* _Task brief_
Which lines run from the one containing "Root Canal A Helpful Guide" to the end of the material below? Copy them exactly, pictures excluded.

Extracted entries: Begin

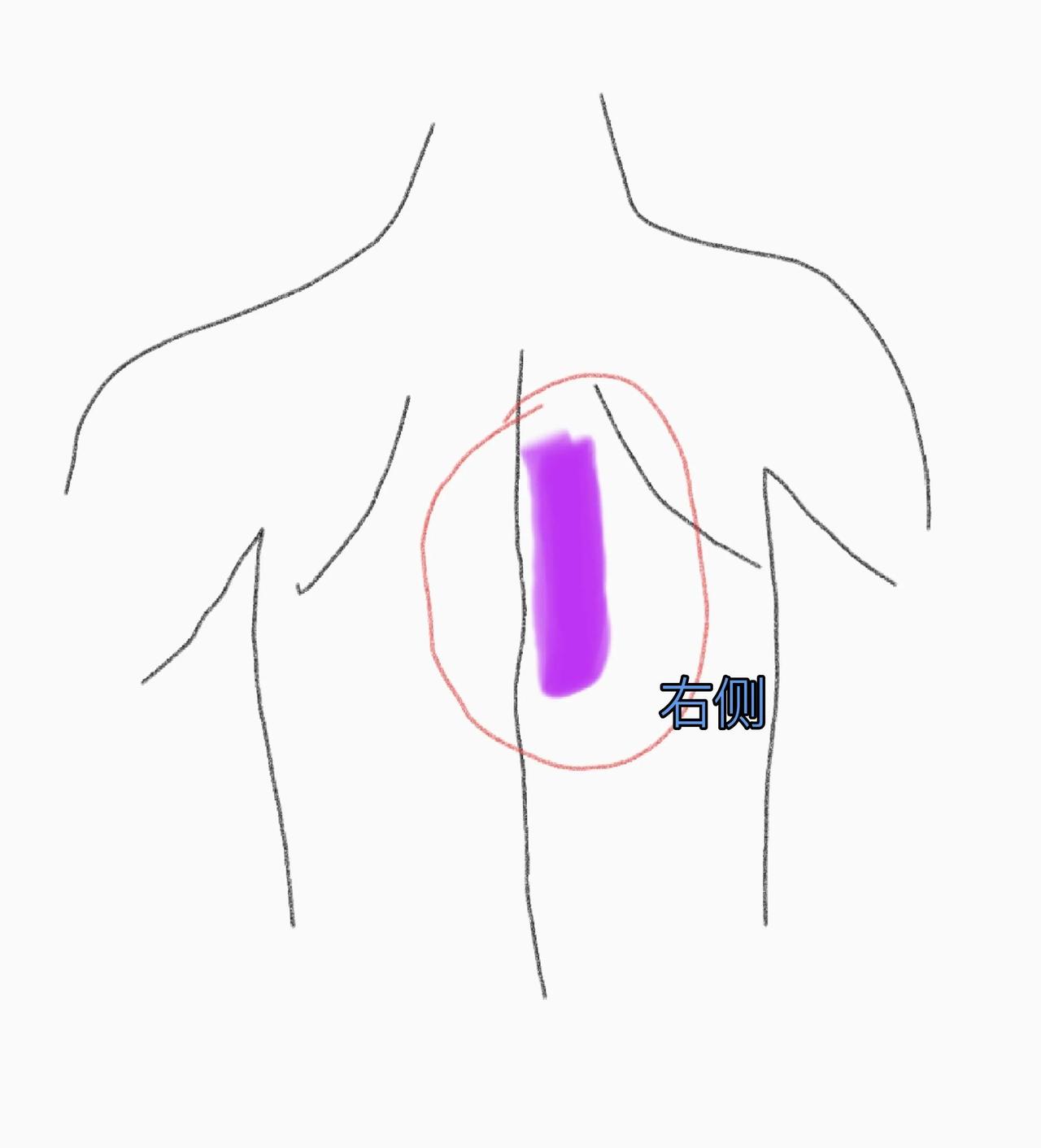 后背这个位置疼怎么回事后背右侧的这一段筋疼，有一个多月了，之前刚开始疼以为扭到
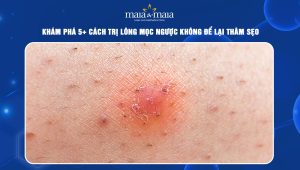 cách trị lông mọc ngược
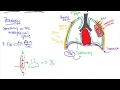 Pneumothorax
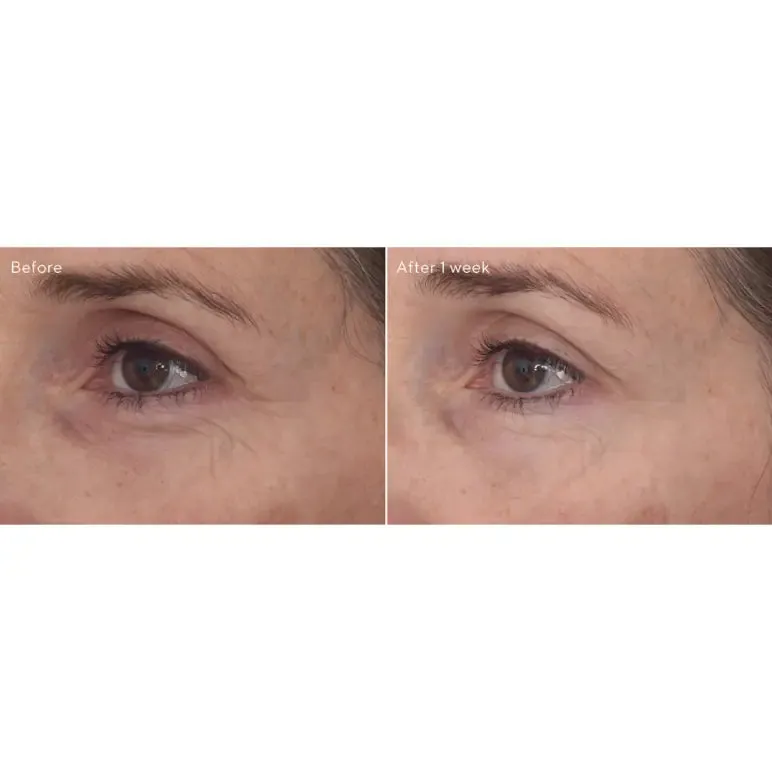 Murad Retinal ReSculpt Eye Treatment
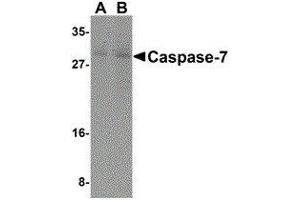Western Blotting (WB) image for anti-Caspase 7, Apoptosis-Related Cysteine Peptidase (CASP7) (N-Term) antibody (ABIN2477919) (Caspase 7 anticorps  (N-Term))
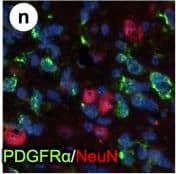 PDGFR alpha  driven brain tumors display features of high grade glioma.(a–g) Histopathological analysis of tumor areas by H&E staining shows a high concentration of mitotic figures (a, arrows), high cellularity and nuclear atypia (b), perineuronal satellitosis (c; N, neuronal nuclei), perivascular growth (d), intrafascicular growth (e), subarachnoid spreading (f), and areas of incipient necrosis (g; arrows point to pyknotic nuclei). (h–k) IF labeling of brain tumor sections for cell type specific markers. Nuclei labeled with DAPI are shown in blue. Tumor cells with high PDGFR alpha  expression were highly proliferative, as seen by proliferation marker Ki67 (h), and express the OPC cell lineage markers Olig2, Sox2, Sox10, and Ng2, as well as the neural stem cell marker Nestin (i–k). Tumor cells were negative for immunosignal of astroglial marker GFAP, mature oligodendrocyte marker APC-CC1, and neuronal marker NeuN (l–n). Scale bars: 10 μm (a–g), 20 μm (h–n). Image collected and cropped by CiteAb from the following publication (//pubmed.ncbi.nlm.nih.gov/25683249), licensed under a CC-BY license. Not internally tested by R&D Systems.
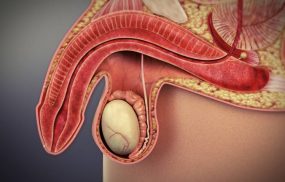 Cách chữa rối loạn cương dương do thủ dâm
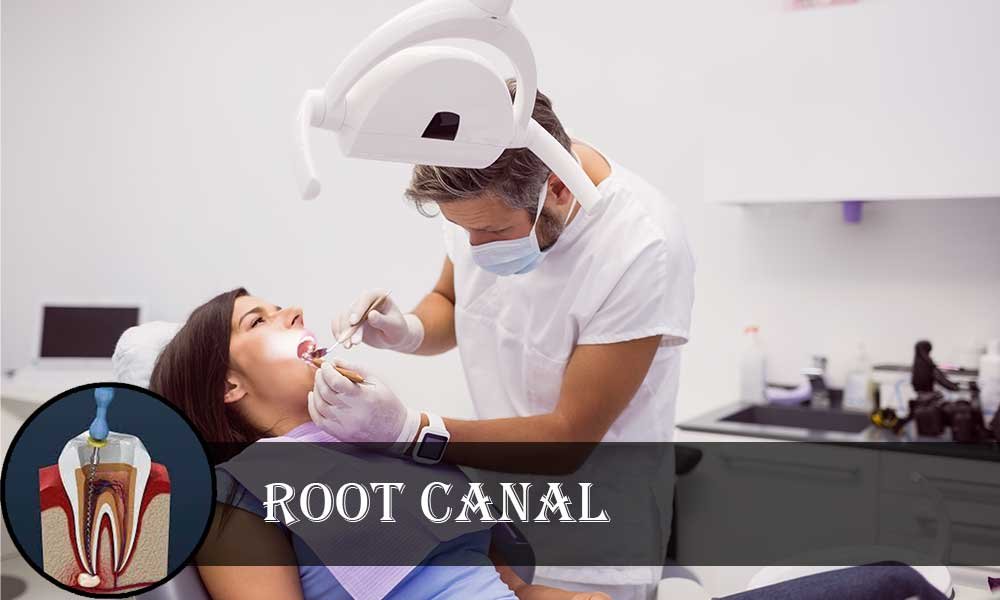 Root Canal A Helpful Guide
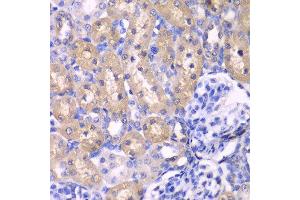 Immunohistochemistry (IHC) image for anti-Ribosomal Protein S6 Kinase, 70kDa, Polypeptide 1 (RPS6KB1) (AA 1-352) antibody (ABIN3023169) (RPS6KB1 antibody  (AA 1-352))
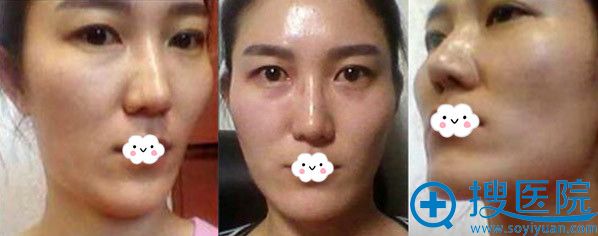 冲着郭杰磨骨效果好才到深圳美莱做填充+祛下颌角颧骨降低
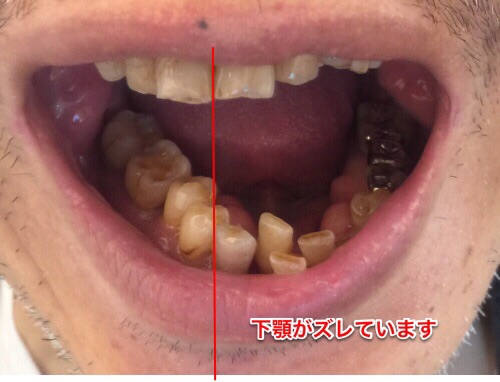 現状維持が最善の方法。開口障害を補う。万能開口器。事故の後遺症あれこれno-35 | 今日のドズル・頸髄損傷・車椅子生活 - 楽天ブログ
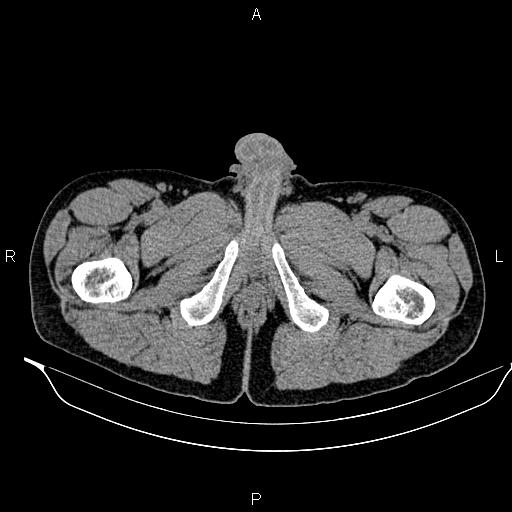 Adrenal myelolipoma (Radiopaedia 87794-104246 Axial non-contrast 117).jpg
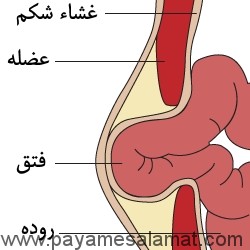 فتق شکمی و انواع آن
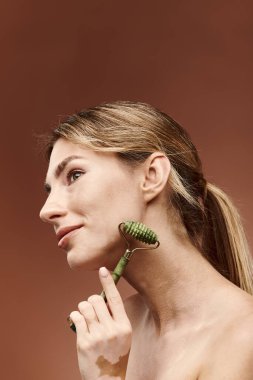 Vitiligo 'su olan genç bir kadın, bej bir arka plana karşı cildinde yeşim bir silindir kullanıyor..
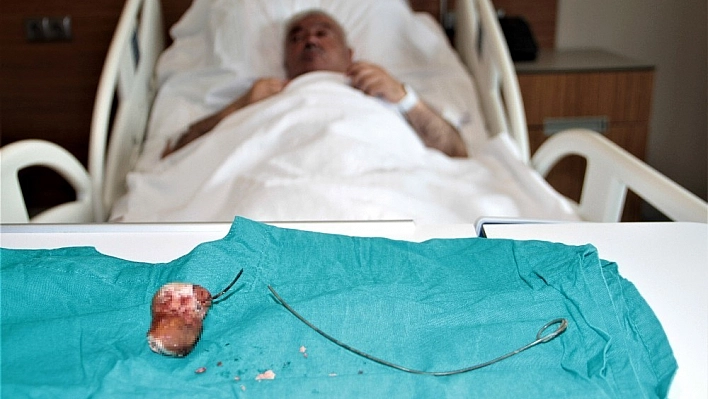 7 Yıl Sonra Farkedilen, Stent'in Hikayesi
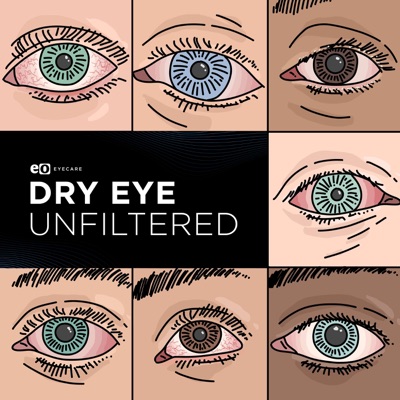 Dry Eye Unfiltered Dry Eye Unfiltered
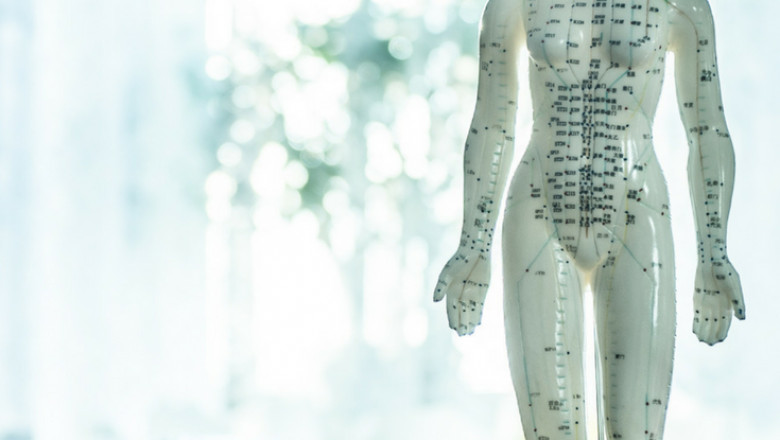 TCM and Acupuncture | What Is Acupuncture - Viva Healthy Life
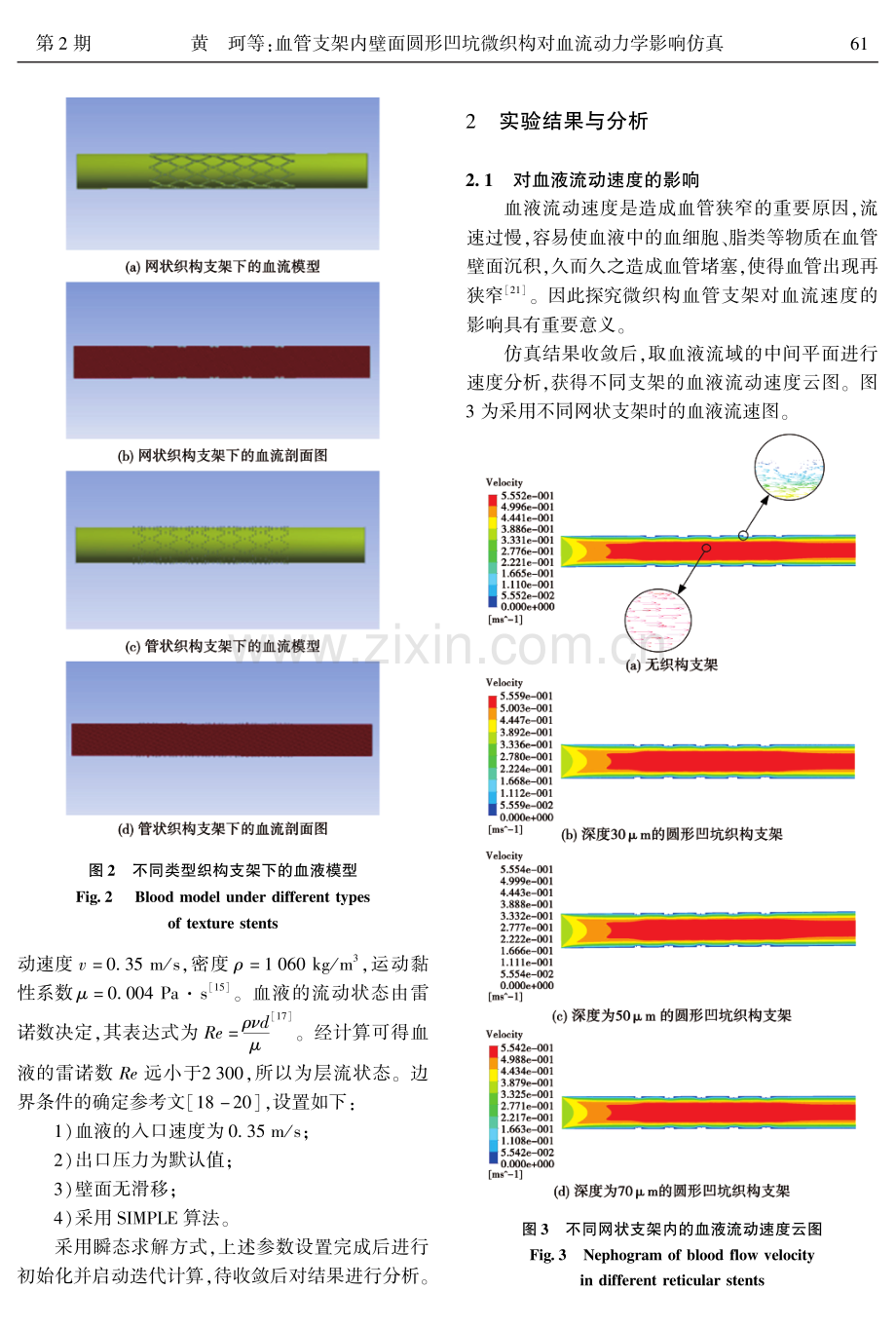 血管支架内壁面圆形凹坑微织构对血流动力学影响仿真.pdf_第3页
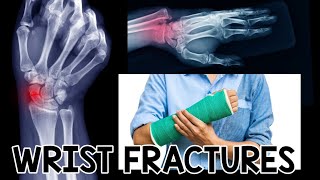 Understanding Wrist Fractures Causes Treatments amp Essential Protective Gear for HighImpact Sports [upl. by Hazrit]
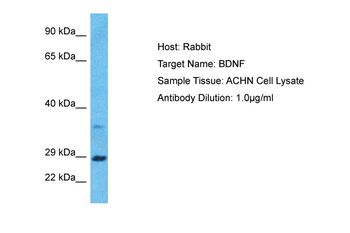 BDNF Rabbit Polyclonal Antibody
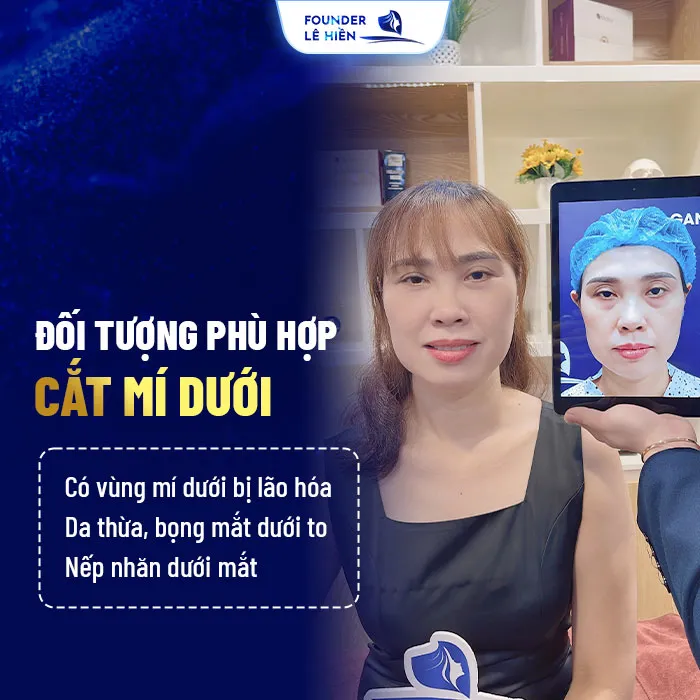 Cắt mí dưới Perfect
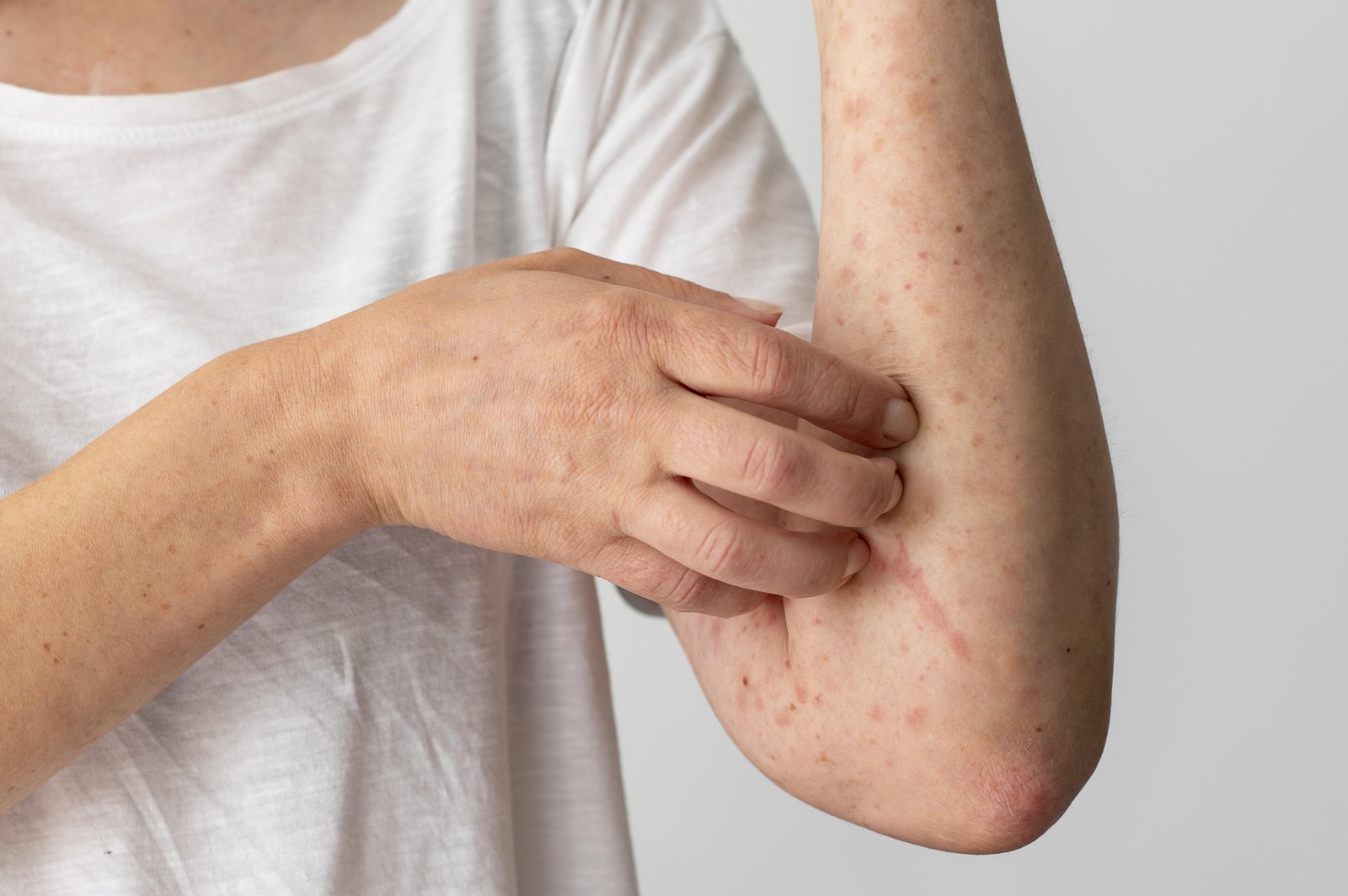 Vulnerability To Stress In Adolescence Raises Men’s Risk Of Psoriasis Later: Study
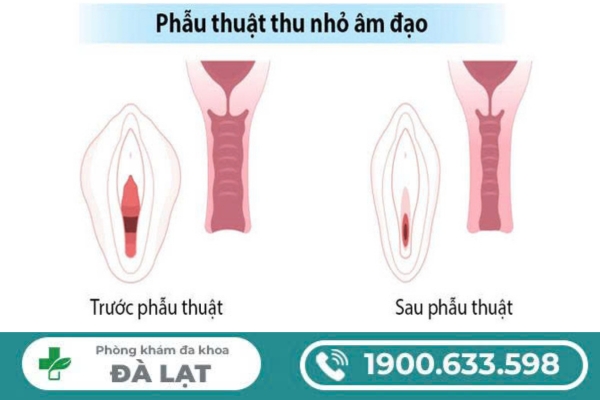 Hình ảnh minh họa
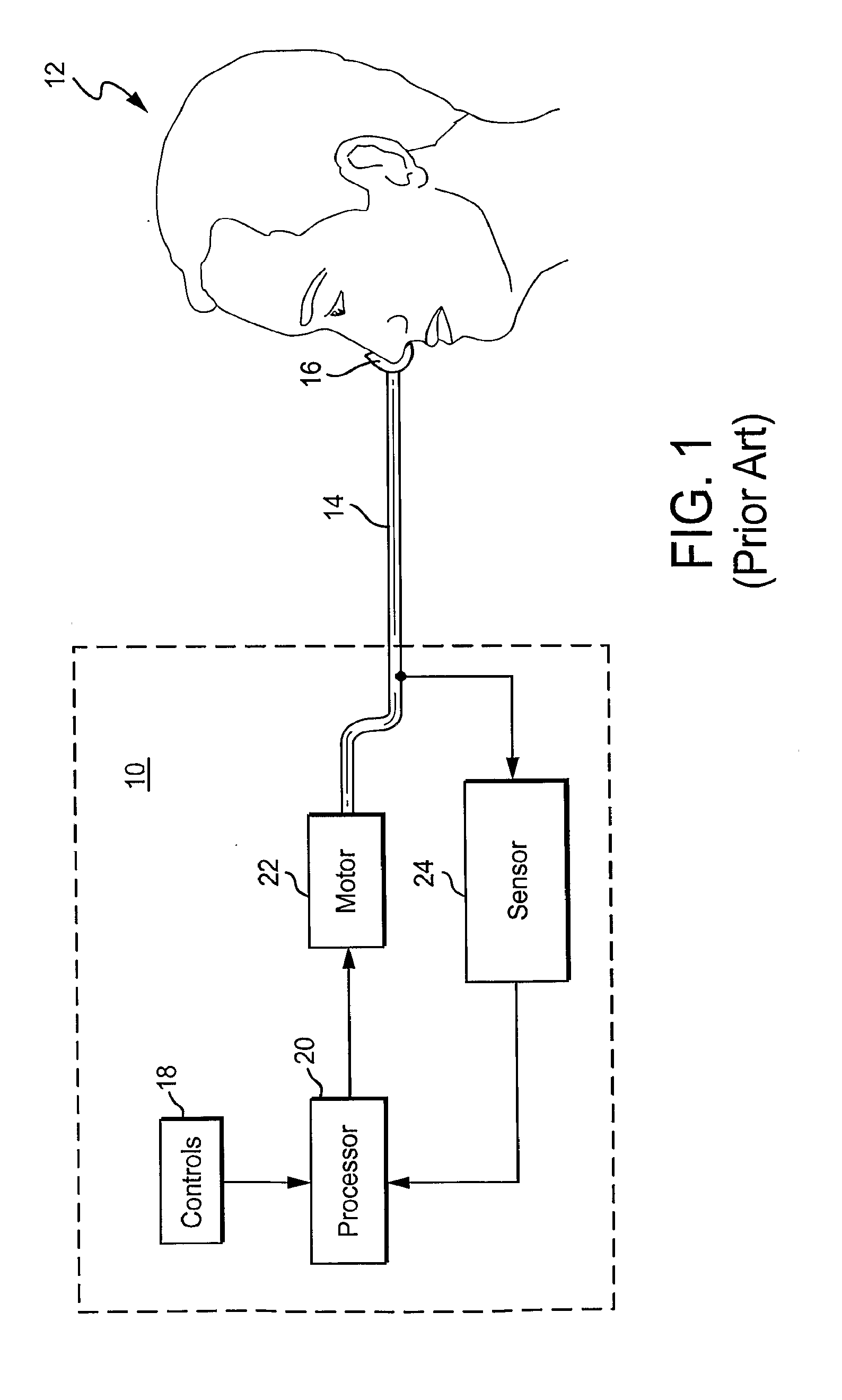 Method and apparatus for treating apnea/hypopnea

Extracted entries: End

* _Answer_
 Root Canal A Helpful Guide
 Immunohistochemistry (IHC) image for anti-Ribosomal Protein S6 Kinase, 70kDa, Polypeptide 1 (RPS6KB1) (AA 1-352) antibody (ABIN3023169) (RPS6KB1 antibody  (AA 1-352))
 冲着郭杰磨骨效果好才到深圳美莱做填充+祛下颌角颧骨降低
 現状維持が最善の方法。開口障害を補う。万能開口器。事故の後遺症あれこれno-35 | 今日のドズル・頸髄損傷・車椅子生活 - 楽天ブログ
 Adrenal myelolipoma (Radiopaedia 87794-104246 Axial non-contrast 117).jpg
 فتق شکمی و انواع آن
 Vitiligo 'su olan genç bir kadın, bej bir arka plana karşı cildinde yeşim bir silindir kullanıyor..
 7 Yıl Sonra Farkedilen, Stent'in Hikayesi
 Dry Eye Unfiltered Dry Eye Unfiltered
 TCM and Acupuncture | What Is Acupuncture - Viva Healthy Life
 血管支架内壁面圆形凹坑微织构对血流动力学影响仿真.pdf_第3页
 Understanding Wrist Fractures Causes Treatments amp Essential Protective Gear for HighImpact Sports [upl. by Hazrit]
 BDNF Rabbit Polyclonal Antibody
 Cắt mí dưới Perfect
 Vulnerability To Stress In Adolescence Raises Men’s Risk Of Psoriasis Later: Study
 Hình ảnh minh họa
 Method and apparatus for treating apnea/hypopnea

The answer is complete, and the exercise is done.